The round-cornered rectangles depict hooks, which are the places where we can use nftables to intercept the flow and handle packets specially. For example:
- if we want to drop packets before they reach userspace (without affecting forwarding) we could do that in the "input" hook.
- if we want to do NAT - i.e. translate the network addresses embedded in packets from an internal 192.168.. (RFC 1918) network to a real internet address, we'd do that in the "postrouting" hook (and so that we get replies, we'd also do the opposite translation in the "prerouting" hook)
- if we're being DDoSed, maybe we want to drop packets in the "ingress" hook before they get any further.
The picture is actually part of the docs and I think it should be on the first page.
Chains and rules
A chain (more specifically, a "base chain") is registered with one of the hooks in the diagram, meaning that all the packets seen at that point will be sent to the chain. There may be multiple chains registered to the same hook: they get run in priority order (numerically lowest to highest), and packets accepted by an earlier chain are passed to the next one.

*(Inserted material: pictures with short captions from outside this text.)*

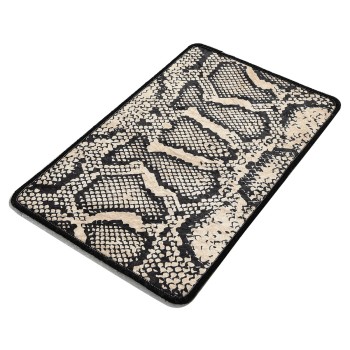 Bathmat Snake Djt (40 x 60) Multicolor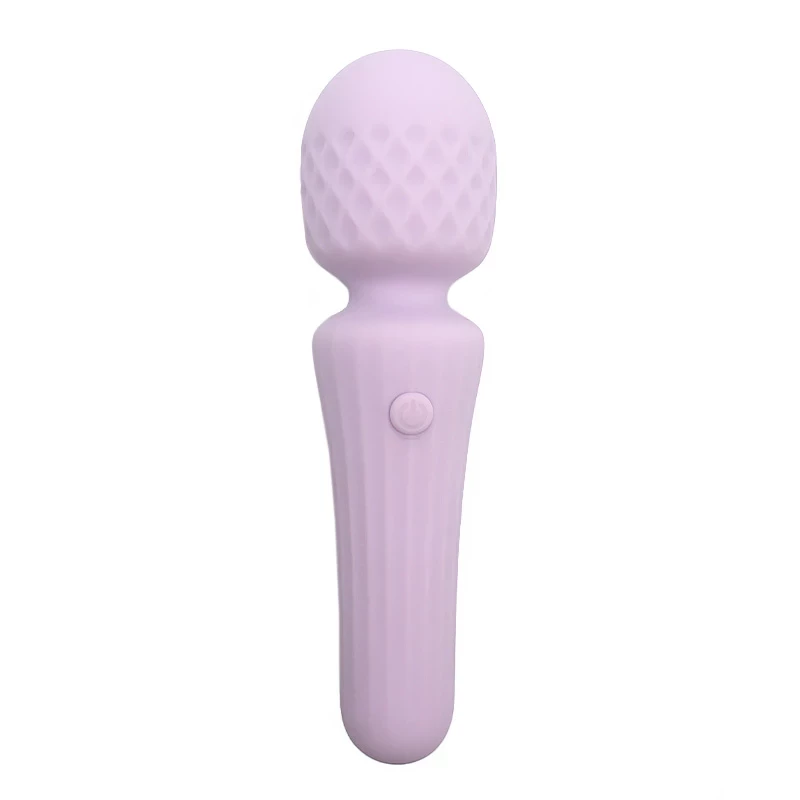 Vibromasseur Wand VARA couleur lilas de Maloo - La marque aussi unique que toi !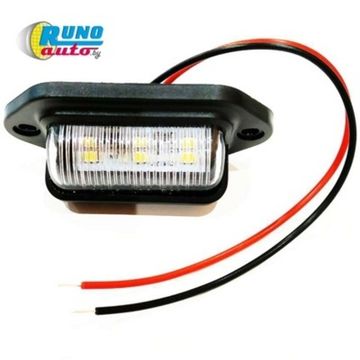 Универсальный плафон подсветки Universal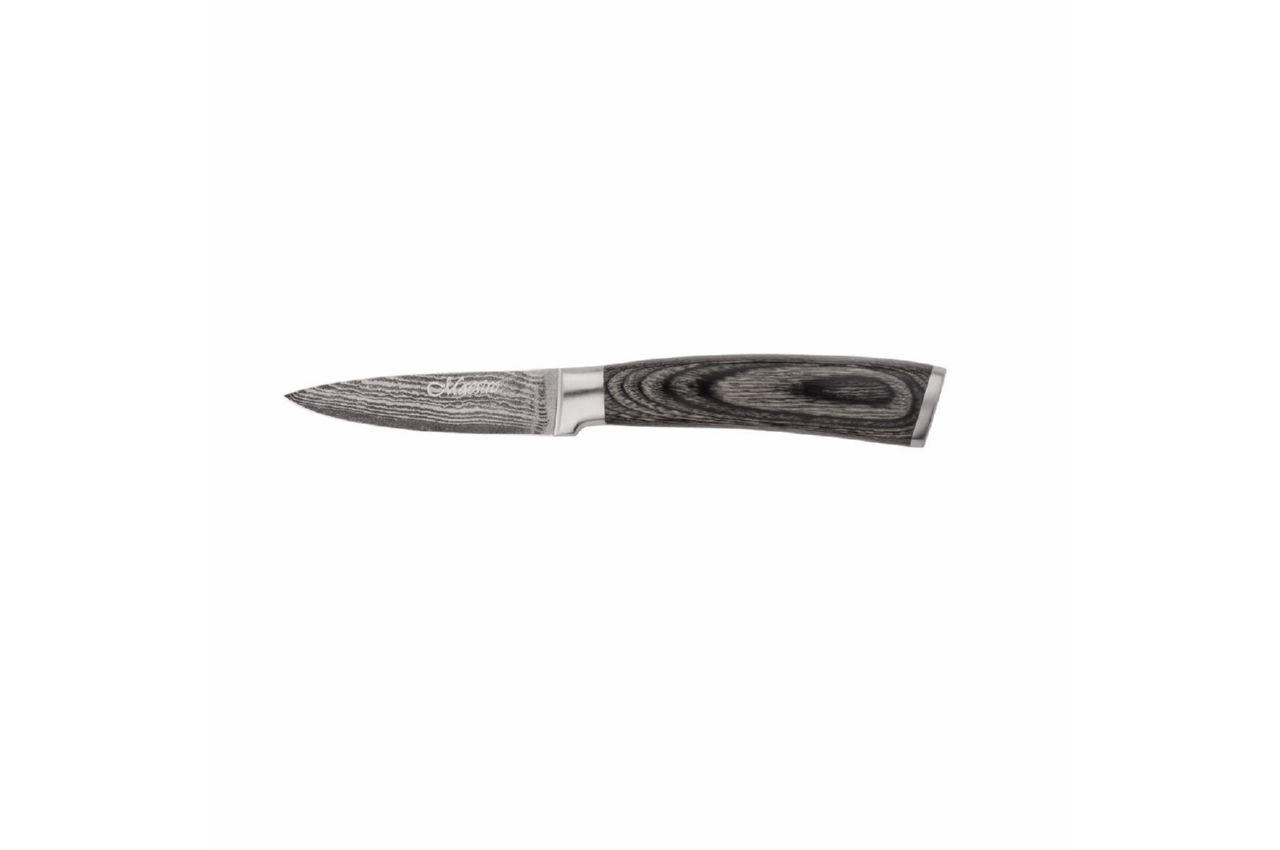 Нож кухонный Maestro - 80 мм MR-1484 Damascus 1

Each chain contains rules. A rule has a match - some criteria to decide which packets it applies to - and an action which says what should be done when the match succeeds.
A chain has a policy (accept
or drop
) which says what happens if a packet gets to the end of the chain without matching any rules.
You can also create chains which aren't registered with hooks, but are called by other chains that are. These are termed "regular chains" (as distinct from "base chains"). A rule with a jump
action will execute all the rules in the chain that's jumped to, then resume processing the calling chain. A rule with a goto
action will execute the new chain's rules in place of the rest of the current chain, and then the packet will be accepted or dropped as per the policy of the base chain.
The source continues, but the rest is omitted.